• [What you have to do] Word for word, set down the lines from the one that holds "Côtelette d'oeufs avec" through the final line of the listing below, and exclude every picture.

• [Data segment]

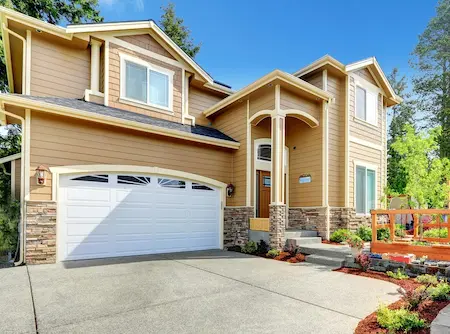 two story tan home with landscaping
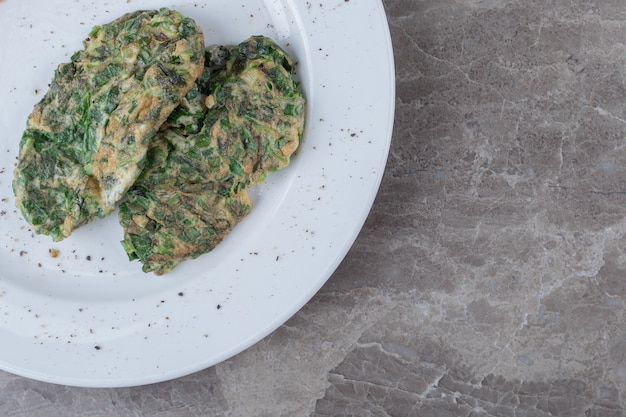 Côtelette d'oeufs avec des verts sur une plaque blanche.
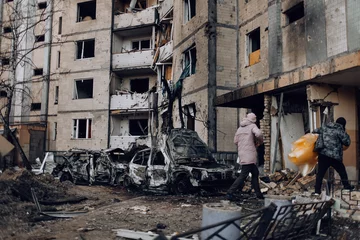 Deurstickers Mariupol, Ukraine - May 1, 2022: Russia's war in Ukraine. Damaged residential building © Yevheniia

• [Exercise output]
 Côtelette d'oeufs avec des verts sur une plaque blanche.
 Deurstickers Mariupol, Ukraine - May 1, 2022: Russia's war in Ukraine. Damaged residential building © Yevheniia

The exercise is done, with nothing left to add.